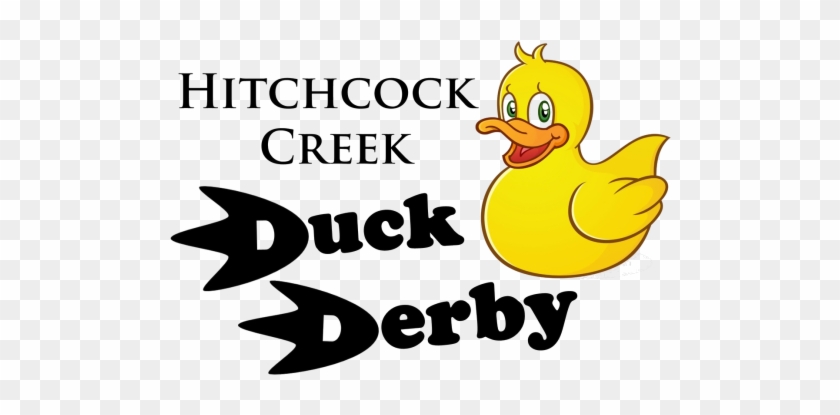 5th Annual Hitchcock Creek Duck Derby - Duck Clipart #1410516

+--

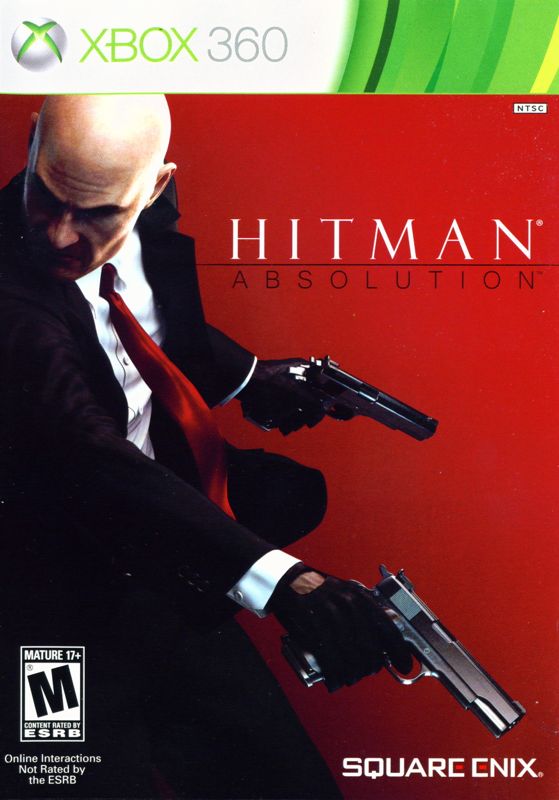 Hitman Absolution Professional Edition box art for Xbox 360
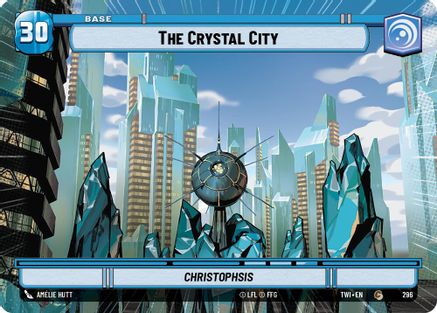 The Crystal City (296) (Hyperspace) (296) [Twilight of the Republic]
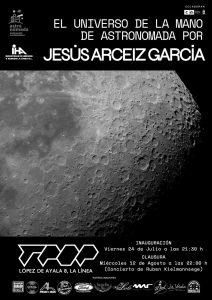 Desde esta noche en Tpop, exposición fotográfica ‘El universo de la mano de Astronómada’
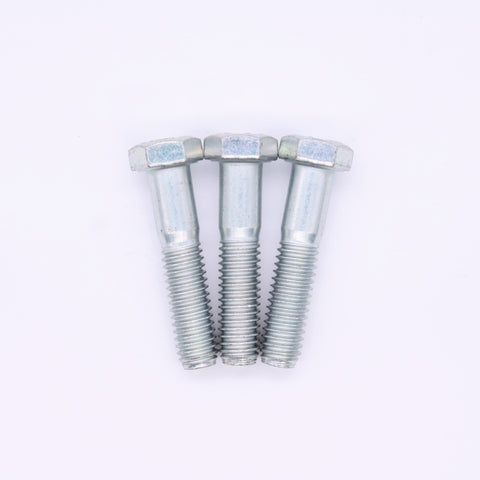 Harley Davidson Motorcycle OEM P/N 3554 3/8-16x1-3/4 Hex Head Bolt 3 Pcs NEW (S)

+--

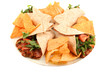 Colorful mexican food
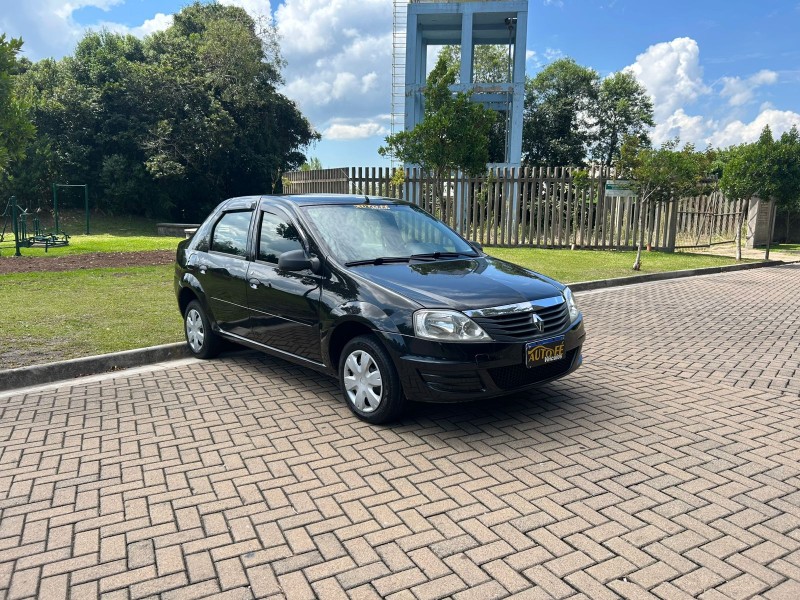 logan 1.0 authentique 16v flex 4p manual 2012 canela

+--

### Exercise description
Exactly the lines above, from the one containing "The Crystal City" down to the one containing "Harley Davidson Motorcycle", are to be repeated, including both ends. Pictures are not part of the copy.

### Result
 The Crystal City (296) (Hyperspace) (296) [Twilight of the Republic]
 Desde esta noche en Tpop, exposición fotográfica ‘El universo de la mano de Astronómada’
 Harley Davidson Motorcycle OEM P/N 3554 3/8-16x1-3/4 Hex Head Bolt 3 Pcs NEW (S)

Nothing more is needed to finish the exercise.